(Aim of the task) Your task is to return exactly the lines that run from the one containing "Azulejo Galo by Bryan Brinkman #81" through the end of the listing below, without any pictures.

---

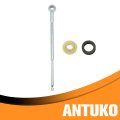 Pre Filled Clutch Master And Slave Cylinder Replacement For Dakota 1997 1998 1999 Qda-294442-655378-1ant Assembly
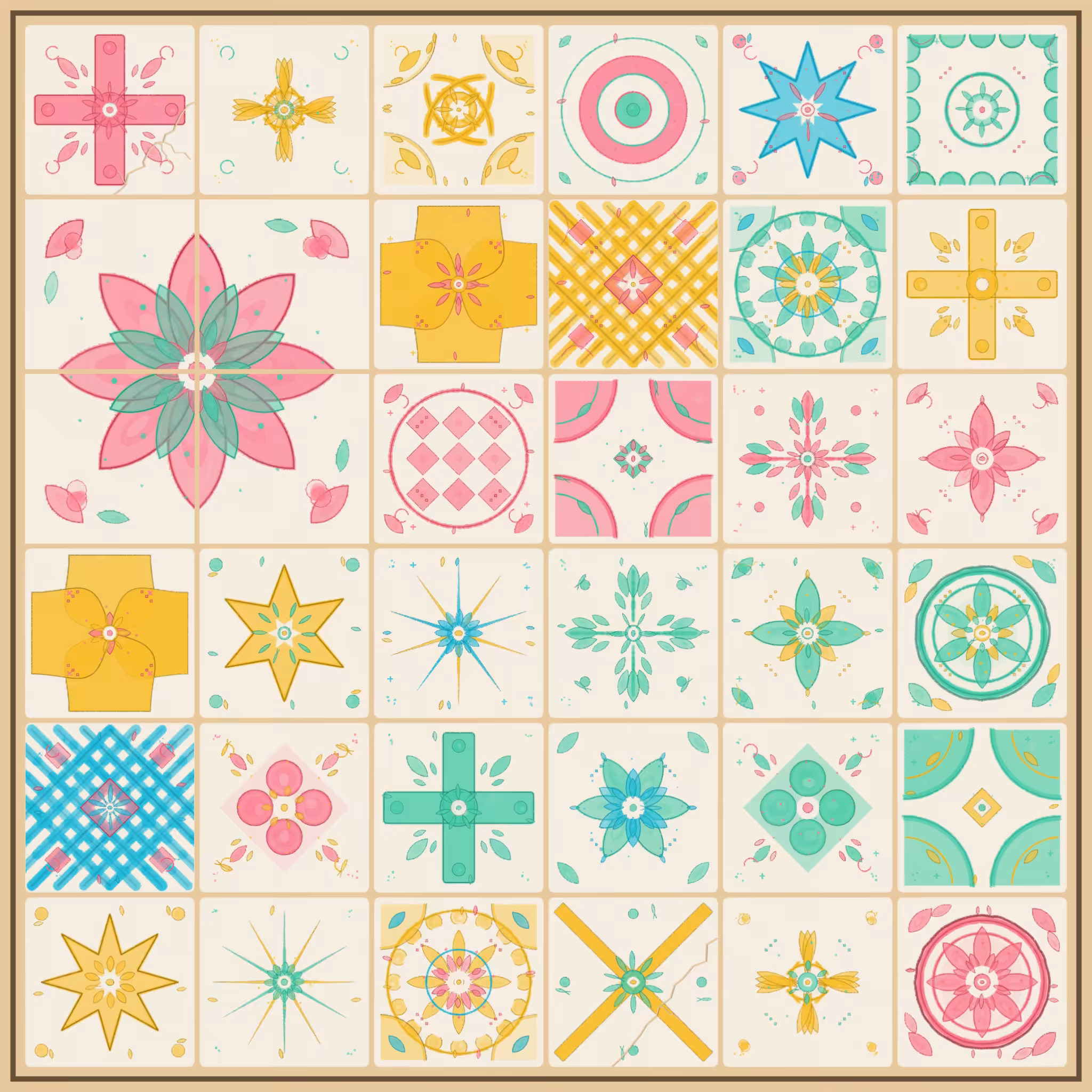 Azulejo Galo by Bryan Brinkman #81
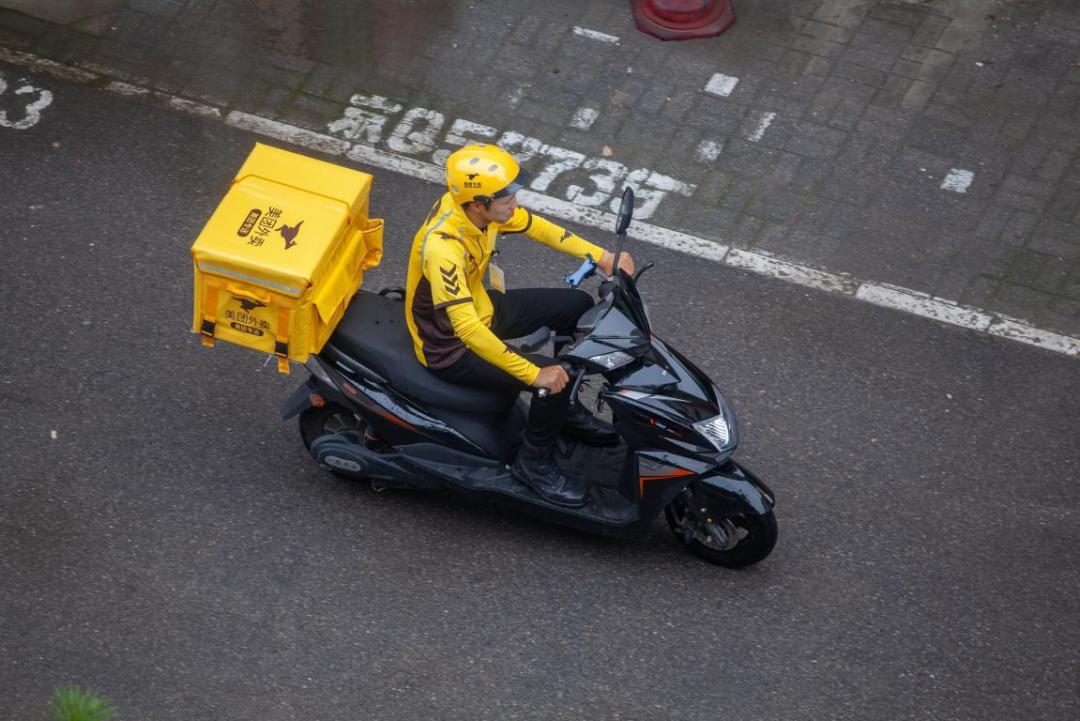 外卖平台抽点规则,外卖平台怎么抽点才能不违法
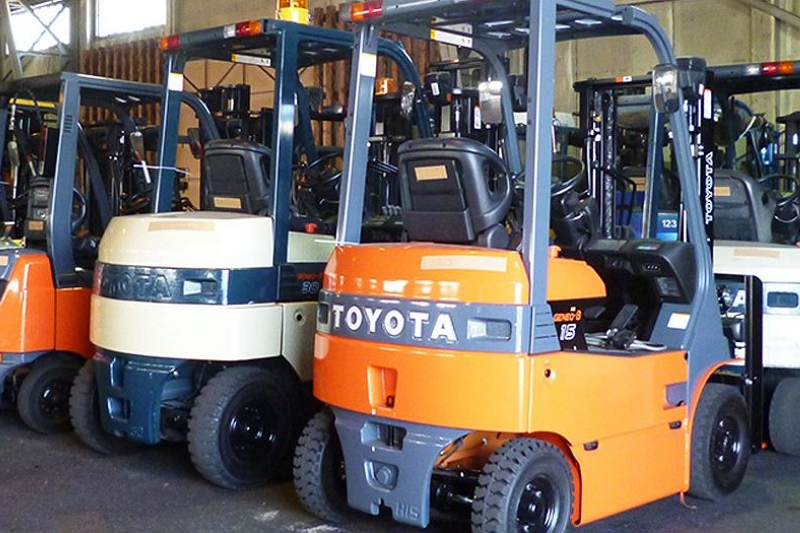 The Importance Of Forklifts In Cold Chain Logistics
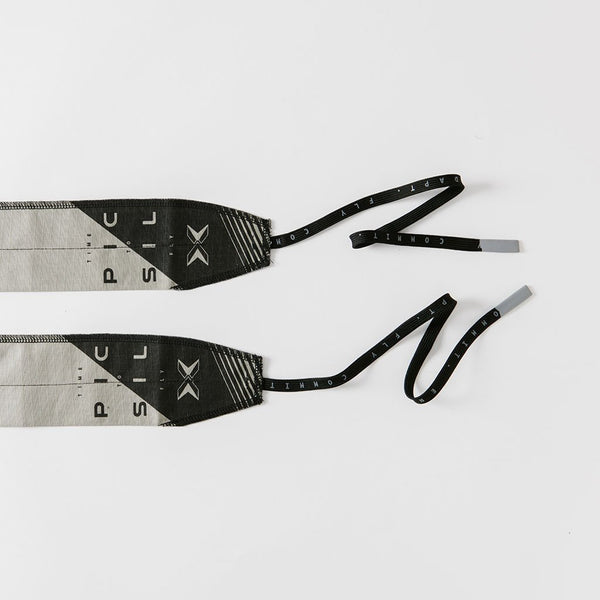Adjustable Cotton Wrist Wraps from Picsil for Genejack WOD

---

(Task result)
 Azulejo Galo by Bryan Brinkman #81
 外卖平台抽点规则,外卖平台怎么抽点才能不违法
 The Importance Of Forklifts In Cold Chain Logistics
Adjustable Cotton Wrist Wraps from Picsil for Genejack WOD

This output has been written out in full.